I'm not understanding this. There has not been any state court action here. The original suit was brought to the Federal District Court. Any other suit seeking to overturn the Federal injunction ordered would need to be brought to the Federal courts. The state system no longer has any say in this matter.
Now that is interesting. It gives a new power to the court's decision in Windsor.
In the Windsor case SCOTUS acknowledged very strongly that the states and only the states have the power to define marriage. Further, that any couple declared lawfully married by any state must be treated so for all purposes by all Federal systems.
The only way to overcome this now is by amendment taking that exclusive power away from the states. I cannot see the states accepting this diminution.
The rulings of a district are not binding precedent even in the same jurisdiction; in completely different jurisdictions between completely different parties, it is of only persuasive authority.
So true. And keep in mind that, though vacated in effect, the 9th Circuit has already made its judgement known. The other three District Courts in California already know what will happen.
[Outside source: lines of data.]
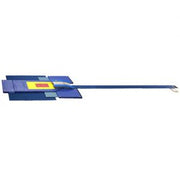 End Deck Frame (ET #27300)-one pair, Grand Master & Ultimate models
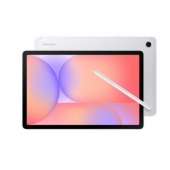 Таблет Samsung SM-X406 Galaxy Tab S10 Lite 5G 10.9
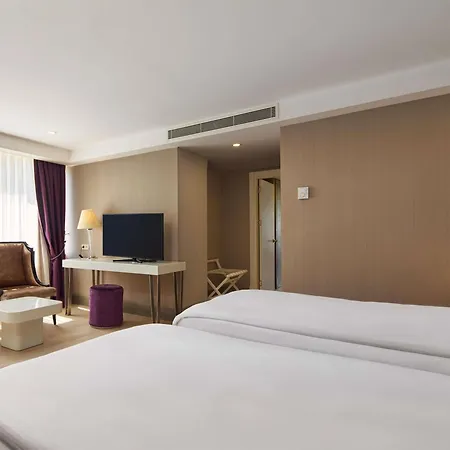 Tui Magic Life Rixos - Adult Only 度假村 5*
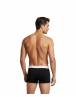 Trussardi Underwear - Ανδρικό Boxer Set 2τεμ. TRU2UTR01_NE03 NERO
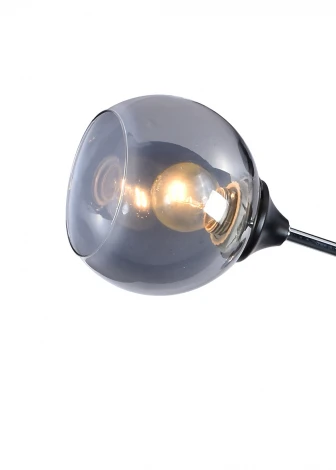Потолочная люстра Rivoli Karoline 9020-303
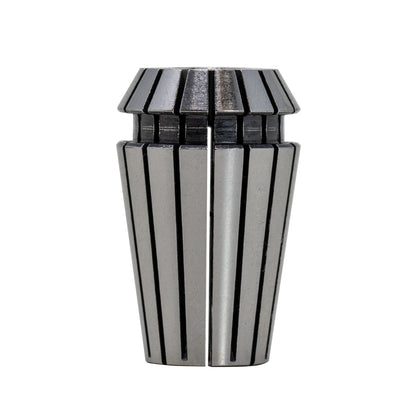 ER16 1/16-3/8 11PC COLLET SET GS Tooling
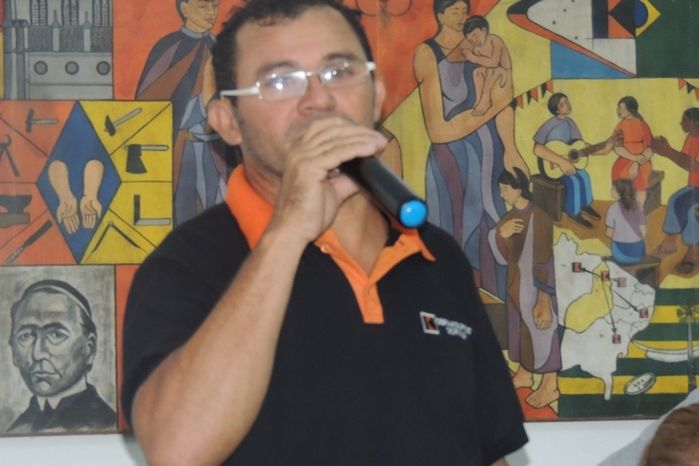 SETRE entrega certificados de embelezamento e coste e costura - Imagem 9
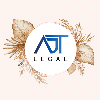 AJT Legal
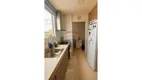 Foto 2 de Apartamento com 3 Quartos à venda, 92m² em Patrimônio, Uberlândia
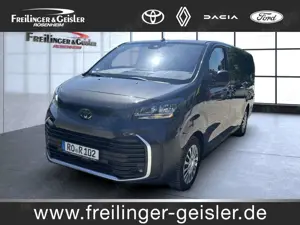 Toyota Proace L2 Comfort UPE55180!! Bluetooth Navi Klima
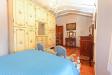 Villa in vendita con giardino a Viterbo in strada due casali - 10, Foto 10
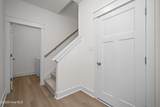 255 Sharber Lane - Photo 30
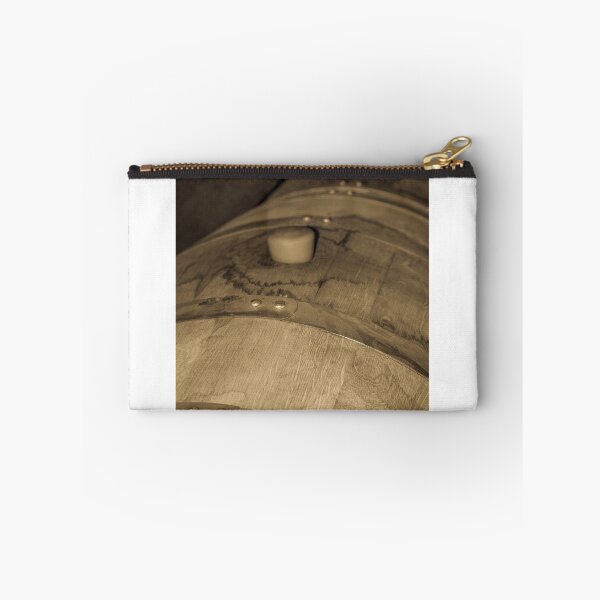 Item preview, Spilled Wine Barrel designed and sold by Diego Re.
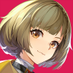 Etheria: Restart (@etheria_restart) Twitter profile photo Etheria: Restart (@etheria_restart) Twitter profile photo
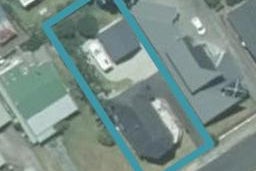 41 Robinson Road, Whitianga, Whitianga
I may get surprised but I cannot see where any state court action can affect this in any way. If some clerk in the Eastern Federal District decides to not issue a license the couple files suit in that Federal court, not the State court. This is, after all, a Federal Constitutional issue.
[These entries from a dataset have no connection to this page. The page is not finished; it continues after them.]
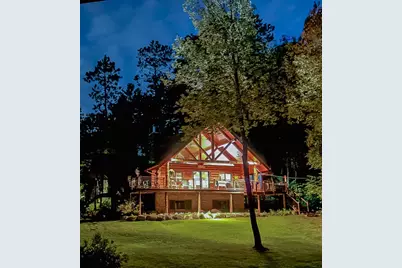 850 County 46 NW, Backus, MN 56435 - Photo 1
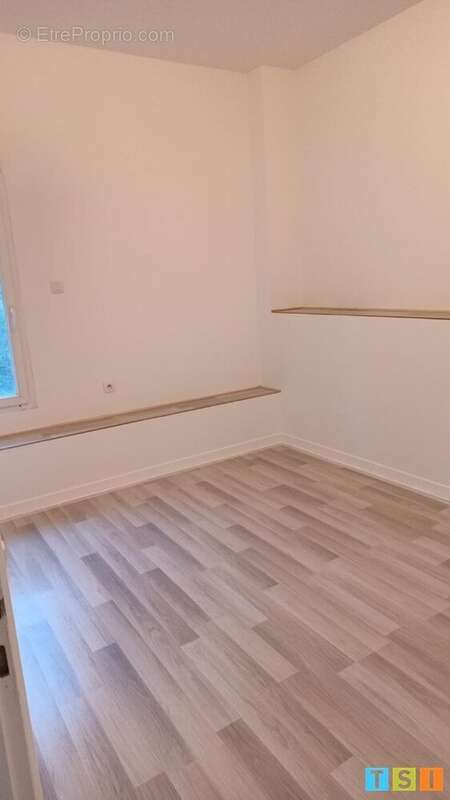 Immeuble de rapport  100 % loué  Aucun gros travaux  Saint-Gaudens - photo 11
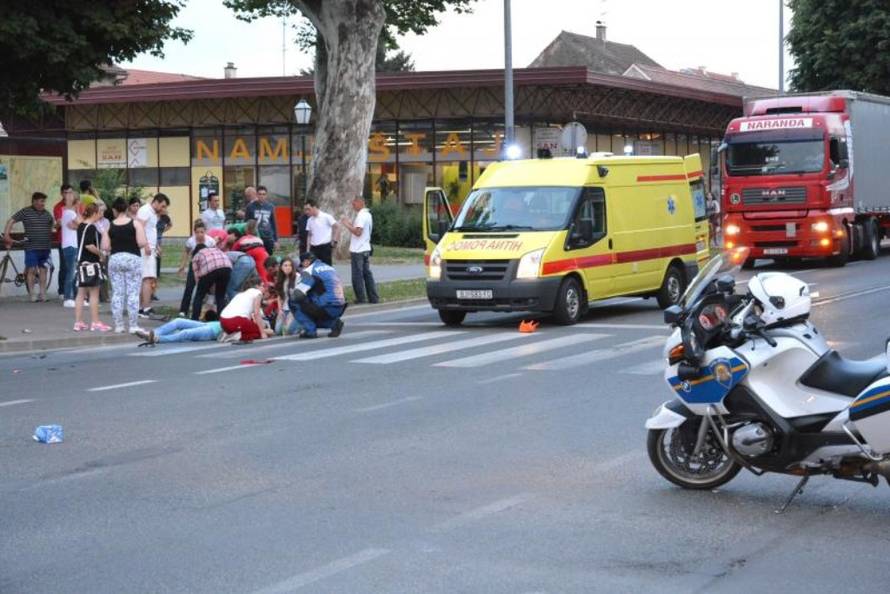 Damir Špehar/PIXSELL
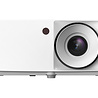 Optoma Optoma ZH350 compacte laser projector Optoma Optoma ZH350 compacte laser projector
If some Prop 8 proponents file suit in state court seeking to revive Prop 8 enforcement within the other three Federal Districts they will find that the State District court will dismiss since the issue is already in the Federal courts.
The only further action on this would be if the State takes a U-turn and decides to appeal the Northern District order back to the 9th Circuit.
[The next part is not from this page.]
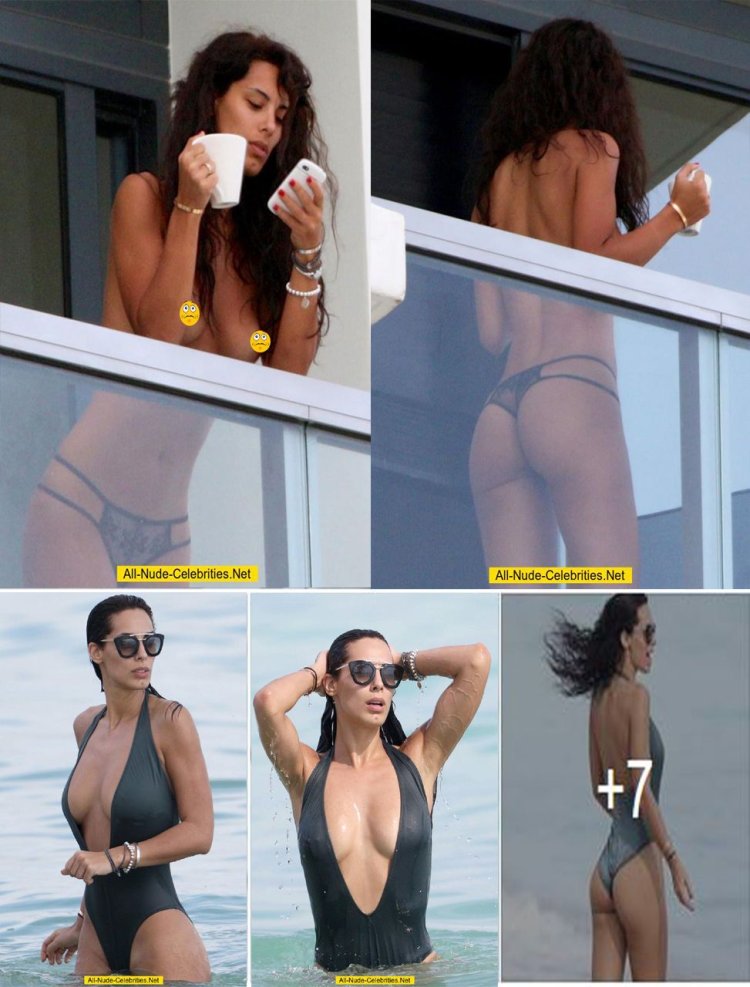 Samantha Saint Pornstar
I think this is a dead issue. Prop 8 is gone ... everywhere ... forever.
Re: How does the striking down of DOMA affect cities?
So, if this turns out to be the case then individuals in same sex marriages in cities that are in states that do not recognize these marriages should still be able to have their Federal rights, if not State rights?
The Windsor decision reiterated that only the states, not the federal government, have the power to define marriage. Regardless of what happens in Bisbee the state of Arizona does not recognize same-sex marriage. Therefore gay couples in Arizona cannot apply for Federal benefits as married couples would. Federal benefits, as far as I know, do not extend to civil unions in the same way as they do to marriage thus the equal protection argument for "marriage" in Windsor against DOMA.
The Federal government can still treat marriage differently from civil unions and domestic partnerships. What the Feds can no longer do is treat "married" as defined in one state different than married as defined in another state. This puts, in Federal eyes, all California married couples (including gay) on an equal footing with Arizona's hetero-only married couples.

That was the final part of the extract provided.